Or am I?
Well, yes, I've moved to this new land.
It's sort of near Shamayim.
Have you heard of it?
I'll give you a hint: it starts with the word "Eretz" :)
Oh, and, I have a mini special somebody around whom I carried for 9 months (well, 39 weeks and a few days, actually, but who's counting?).
So, yes, I've been busy.
But why am I making excuses, anyway? I never committed to a blog.
But still. This blog holds a special place in my heart. It was an island for both my vents and my chizzuk.
To all the readers who have sent me emails: please don't think that I was ignoring you.
I seriously only checked the emails a few days ago. For the first time. I'm not joking.
Anywho, it was Purim a few weeks ago.
Purim has a lot of gadlut to it...it's such a shame so many people miss out the spiritual opportunity and instead solely indulge in physical opportunities (ie: drunk men.)
Speaking of drunk men...
when I was 19, after witnessing one too many religious guys get drunk on Purim, I decided that if my husband would ever get drunk on Purim, I would change the locks to our front door and let him sleep outside.
It was only fair to warn my innocent husband-to-be while we were engaged that I can be cruel if my husband decides to join the drunk frummy bandwagen.
So Baruch HaShem my husband is not one of those idiotic drunk men on Purim (or ever) :)
May HaShem help those men, and may He help me not get so mad at them every year.
Oftentimes, spiritual opportunities can completely pass us by.
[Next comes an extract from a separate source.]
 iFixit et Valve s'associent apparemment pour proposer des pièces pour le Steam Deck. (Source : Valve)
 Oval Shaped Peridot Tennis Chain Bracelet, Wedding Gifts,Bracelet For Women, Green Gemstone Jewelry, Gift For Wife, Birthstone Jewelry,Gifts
Why's that? Because whenever there's potential for great purity and holiness, there's also potential for great tuma.
A perfect example of this is:
A perfect example of this is motzei Shabbat. Motzei Shabbat is the time when the holy Shabbat is over, but the queen is still in the vacinity. Our neshama yetera leaves us, and we're left with a feeling of loneliness. Suddenly, we feel the need to do something fulfilling.
Ever wonder why there's such a temptation to "go out" and "have fun" on motzei Shabbat? Yep, that's why. And sadly, many Jews in the world think that going to a movie, club, party, etc. motzei Shabbat will help them fill the lonely spot.
Since we lost something spiritual, we can only fix the feeling of emptiness with something spiritual. So we have a melaveh malka meal filled with divrei Torah, songs, music, and connection to HaShem.
But this takes a lot of effort! Especially because there's such a strong yetzer hara to ignore the spiritual void and to focus on the physiciality. In fact, I wouldn't be surprised if Saturday night is the most avera-filled evening of the week.
Wherever there's potential for great kedusha, there's also potential for great tuma. Interestingly enough, it doesn't work the other way. If there's a place filled with tuma - you're most likely not going to find great kedusha there.
We also see this in our parashat hashavua (2 weeks ago) with the incident of chet haegel. How could Bnei Yisrael commit just a horrendous avera? They just witnessed Har Sinai and heard HaShem speak to them! I mean, what's more holy and life-changing than that?!
It's a question that all the mefarshim deal with, and many different answers are given. The main one being that it was mainly the erev rav - 1% of the nation who committed the sin.
But still. How could the 1% commit such a grave sin?
The answer is: where there's potential for great kedusha, there's also potential for great tuma.
They could've waited for Moshe while learning together, davening, staying on the high and embracing the holiness that just came upon them. But that's not what happened.
A wise person never thinks he's ONLY immersed in kedusha. Don't be fooled. Be wise and always look out and be aware of the tuma. Never think that you're untouchable, and that the yetzer hara can't fool you. (But also don't think that you're doomed! Afterall, chazal (kiddushin 30b) teach us that HaShem said "barati yetzer hara, barati lo Torah tavlin" (I created the yetzer hara, but I also created the Torah as the antidote for it.)
Once you know what you're competing against, you can use the tools and strength from the yetzer hatov to win the battle and live in the life of holiness.
Mannnnn I just want to LIVEEEEE IN THE HHHHHHOLINESSSSSSSS!
Hatzlacha Rabba to all of my readers. I'll try to respond to all of the emails soon.